La visita de Jairo Yáñez, alcalde de Cúcuta, al corregimiento de Aguaclara estaba programada para las 8 de la mañana el 7 de julio. Una hora antes, empezaron a llegar líderes de juntas de acción comunal de esa zona rural. Venían desde veredas cercanas, entre 15 minutos a una hora de distancia en moto.  

Aguaclara es el más antiguo y central de los diez corregimientos que componen la zona rural de Cúcuta. No es el más grande pero sí el más estratégico. Está a 15 minutos de la frontera, es una ruta alterna para llegar al Catatumbo y está a menos de una hora en carro del casco urbano de la capital nortesantandereana. 

Esa mañana, la cita del alcalde fue en el patio salón del colegio. El párroco de Aguaclara encargó una limpieza a la entrada el día anterior pero el rastro de maleza y hojas secas descubría el abandono. Los líderes que organizaron el encuentro colgaron cortinas y emularon un telón. Encima colocaron banderas de Colombia y de la región. En el centro, una cartelera que decía “Bienvenido señor Alcalde al corregimiento especial de Aguaclara”.

En frente formaron una mesa redonda con pupitres. A un lado se sentaron los líderes y al otro casi todos los secretarios del gabinete municipal. En medio, los zancudos y el calor propios de la zona. El evento empezó a las 10 de la mañana, cuando llegó Yáñez. 

A pesar de su cercanía, como muchas zonas rurales del país, está desconectado de la ciudad. “Casi que no llegamos. Es más fácil llegar a Bogotá que acá”, comentó Yáñez mientras saludaba de puño a los asistentes. Según varios líderes, al menos hace cinco años no venía un alcalde con todo su gabinete a una mesa de trabajo. 

Entre los habitantes que asistieron está Luis Rivero, un joven de 20 años. Se graduó el año pasado de bachiller del colegio donde ocurría el evento. Fue para ayudar al párroco a cuadrar el sonido y algunas cosas de logística. “Yo le colaboro así en cositas al padre y él me reconoce algo”, dice Luis.

Durante toda la mañana y hasta las cuatro de la tarde Luis escuchó cómo los líderes recitaron sus problemas: las vías en mal estado; la falta de un acueducto y alcantarillado dignos, con planta de tratamiento; el desempleo y la informalidad; la precariedad del sistema educativo; la falta de actividades culturales y recreativas. Cada secretario trató de responder punto por punto, anunciando avances, razones de los retrasos o futuras soluciones. 

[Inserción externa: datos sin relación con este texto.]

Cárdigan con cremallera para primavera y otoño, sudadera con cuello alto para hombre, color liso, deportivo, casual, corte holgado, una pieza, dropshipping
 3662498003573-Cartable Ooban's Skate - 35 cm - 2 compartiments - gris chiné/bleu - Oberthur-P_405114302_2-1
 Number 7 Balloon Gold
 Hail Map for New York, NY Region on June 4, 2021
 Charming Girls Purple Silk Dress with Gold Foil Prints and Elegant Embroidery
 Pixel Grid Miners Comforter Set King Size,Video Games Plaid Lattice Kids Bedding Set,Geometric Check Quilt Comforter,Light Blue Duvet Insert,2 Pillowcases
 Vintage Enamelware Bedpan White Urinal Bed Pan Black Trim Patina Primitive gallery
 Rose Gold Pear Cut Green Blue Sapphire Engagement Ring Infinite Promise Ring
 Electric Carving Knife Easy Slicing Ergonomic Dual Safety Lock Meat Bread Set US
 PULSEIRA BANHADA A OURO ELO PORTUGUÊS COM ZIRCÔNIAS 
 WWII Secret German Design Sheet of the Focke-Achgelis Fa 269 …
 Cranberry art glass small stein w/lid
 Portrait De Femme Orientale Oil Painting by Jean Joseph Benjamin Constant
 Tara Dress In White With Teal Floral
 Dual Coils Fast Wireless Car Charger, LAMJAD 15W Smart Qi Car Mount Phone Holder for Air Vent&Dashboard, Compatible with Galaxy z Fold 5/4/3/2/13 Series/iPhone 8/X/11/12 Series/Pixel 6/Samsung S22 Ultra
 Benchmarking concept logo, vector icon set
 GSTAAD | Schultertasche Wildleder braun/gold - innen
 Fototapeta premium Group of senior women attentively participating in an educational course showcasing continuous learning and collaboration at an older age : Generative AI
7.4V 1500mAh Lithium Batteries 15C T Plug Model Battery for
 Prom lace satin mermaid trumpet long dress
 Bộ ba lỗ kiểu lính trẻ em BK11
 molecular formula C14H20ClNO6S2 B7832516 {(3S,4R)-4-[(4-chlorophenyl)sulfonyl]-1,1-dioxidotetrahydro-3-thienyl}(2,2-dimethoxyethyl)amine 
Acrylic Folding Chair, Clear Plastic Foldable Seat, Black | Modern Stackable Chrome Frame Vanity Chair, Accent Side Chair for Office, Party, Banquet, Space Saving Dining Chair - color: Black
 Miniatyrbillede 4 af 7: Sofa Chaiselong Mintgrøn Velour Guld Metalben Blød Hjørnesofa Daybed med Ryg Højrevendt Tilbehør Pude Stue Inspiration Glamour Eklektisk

Pero en esa lista faltó la violencia. El secretario de Seguridad no asistió. Los líderes no mencionaron ni el contrabando ni el narcotráfico que atraviesa su territorio. Tampoco cómo el ELN, los Rastrojos y las Autodefensas Gaitanistas controlan y dividen las veredas, creando incluso fronteras invisibles. No se habló de que  cada vez más migrantes y jóvenes terminan vinculados con el microtráfico, prostitución y los grupos armados y se vuelven blanco de asesinatos selectivos.

Jairo Yáñez durante su discurso en el corregimiento de Aguaclara. 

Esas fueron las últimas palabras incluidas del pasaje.